In 1851, a California Gold Rush 49er named Isaac Pierce joined Norton to establish a firm. The two men petitioned local legislators that their residences be ceded from the town of Southington to the town of Bristol. In 1895, a casino was built on the property, which was the first permanent building at the site. Later that year, the Bristol and Plainville Tramway Company constructed the Southington and Compounce trolley line. Shortly after, Lake Compounce purchased the Lake Compounce Carousel for $10,000, opening it on Memorial Day, 1911. The Carousel is now included in the National Register of Historic Places.

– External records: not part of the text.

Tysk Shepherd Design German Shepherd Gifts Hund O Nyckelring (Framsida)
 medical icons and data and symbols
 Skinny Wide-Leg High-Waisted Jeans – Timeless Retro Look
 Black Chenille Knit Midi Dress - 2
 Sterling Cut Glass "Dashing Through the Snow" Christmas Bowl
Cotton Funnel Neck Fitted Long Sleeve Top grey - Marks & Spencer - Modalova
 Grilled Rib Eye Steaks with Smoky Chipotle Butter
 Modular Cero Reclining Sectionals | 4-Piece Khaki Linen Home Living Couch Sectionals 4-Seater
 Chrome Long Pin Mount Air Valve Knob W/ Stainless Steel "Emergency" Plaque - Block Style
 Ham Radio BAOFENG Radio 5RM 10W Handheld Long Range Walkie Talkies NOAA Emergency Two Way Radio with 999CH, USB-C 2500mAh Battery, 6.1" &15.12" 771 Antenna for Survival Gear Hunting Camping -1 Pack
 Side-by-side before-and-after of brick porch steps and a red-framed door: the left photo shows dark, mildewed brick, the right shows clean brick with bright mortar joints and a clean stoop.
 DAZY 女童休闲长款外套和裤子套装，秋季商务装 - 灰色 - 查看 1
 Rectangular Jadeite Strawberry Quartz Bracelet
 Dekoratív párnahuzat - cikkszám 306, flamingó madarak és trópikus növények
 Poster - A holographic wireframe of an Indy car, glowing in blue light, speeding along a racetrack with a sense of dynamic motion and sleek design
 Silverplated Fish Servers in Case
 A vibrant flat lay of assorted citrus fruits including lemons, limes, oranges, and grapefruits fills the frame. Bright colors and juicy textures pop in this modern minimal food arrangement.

In 1914, Lake Compounce opened the Green Dragon, the park's first electric-powered roller coaster. The coaster was torn down in 1927 to make room for the Wildcat, a wooden coaster designed by Schmeck and built by the Philadelphia Toboggan Company.

The early 1930s brought more growth. The casino was expanded with a dance floor. On Easter, Glenn Gray and the Casa Loma Band opened the Starlight Ballroom. The all-time attendance record of 5,000 was set in the spring of 1941, when Tommy Dorsey's reorganized band featured Frank Sinatra, who had yet to reach the height of his career.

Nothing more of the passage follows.